Using the Internet to broadcast an open call to a crowd for contributions can generate a lot of ideas for your marketing campaign. Those ideas, though, can vary widely in value, and this can cost you in time spent sifting through the slough of submissions to find the gold nugget buried among the silt. Even then, the end result may backfire, as it did for Toyota in Australia.
Toyota gave five agencies a $15,000 budget to create an ad for Yaris for the Australian market. One of the agencies, Saathchi & Saatchi, crowdsourced its entry but received few results. When Toyota reviewed the finalists from each agency, it chose the video submitted by Saatchi & Saatchi.
The public response to the crowdsourced video was disastrous. The ad, called Clean Getaway, drew a lot of backlash for having incestuous overtones and being degrading to women. Needless to say, Toyota pulled the video from YouTube.
Toyota's experience raises an important point about using crowdsourcing as a marketing technique: You have to know enough about it to pull off an effective, successful campaign. I'm sure the notion of a crowdsourced video ad for its Yaris product seemed like a cool idea to the marketing folks at Toyota. However, the company might have had better success in attracting and retaining customers—and in reinforcing a positive brand identity—had it invested in creating a loyal customer community and tapping that resource for its ad.
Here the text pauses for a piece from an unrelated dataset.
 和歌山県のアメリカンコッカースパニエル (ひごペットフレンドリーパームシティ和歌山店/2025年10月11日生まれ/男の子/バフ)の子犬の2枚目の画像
Here's why: Any crowd responding to your campaign is probably not made up in large part by your customers. Any Tom, Dick, or Mary can submit an idea in response to your query, but this random person on the Web doesn't have a vested interest in your business the way an established customer does.
In contrast, creating a community of your customers gives you group of shareholders who do have a vested interest in your company, your products, and your success. And this community is likely to provide far more valuable feedback and ideas for your business.
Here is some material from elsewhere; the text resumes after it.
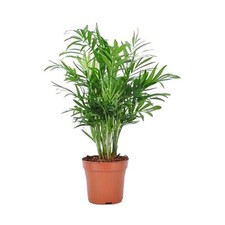 Chamaedorea elegans bella for sale  Orange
Flor, for example, reached out to its community to solve a problem. The company invited customers—not a random crowd—to create designs for area rugs using the company's carpet tiles. What Flor received were great design ideas that the company could then use as new products.
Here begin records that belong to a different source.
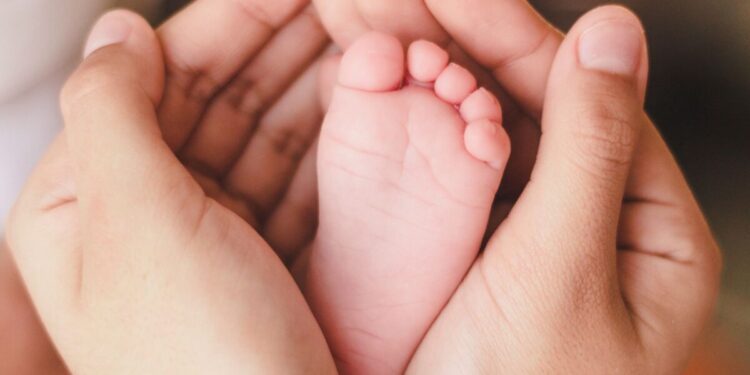 Abierto el plazo para solicitar las ayudas ‘Primeros Pasos 2025’ destinadas a autónomos que han sido padres 1 1015 Primers passos scaled 1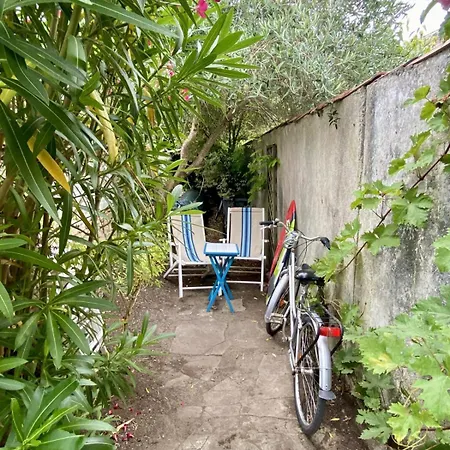 House Retaise With Garden Close To The Sea Feriehus La Couarde-sur-Mer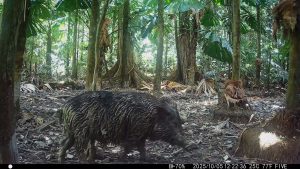 Camera Traps - October 2025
Similarly, Threadless, a T-shirt company in Chicago, has built its business on a tight group of loyal customers. In fact, this Chicago T-shirt company maintains an ongoing, open call for design submissions. It may sound like crowdsourcing, but it's not.
Threadless has built a community based on knowing what interests its customers and giving them a place on its website where they could not only submit design ideas, but also vote on designs and exchange ideas with others. In return for its investment in a close-knit community, Threadless gets quality designs for products it can sell.
This kind of community involvement requires reward and recognition. In other words, give credit where credit is due. Threadless does just that—and more. The customer whose T-shirt design is selected for printing gets credit on the company's website, $2,000 in cash, a $500 Threadless gift certificate, and more.
Crowdsourcing may be a less expensive way to generate marketing content, but it may not be the best way. Consider whether creating a carefully cultivated community would provide better value—and content—for your marketing dollars over the long term.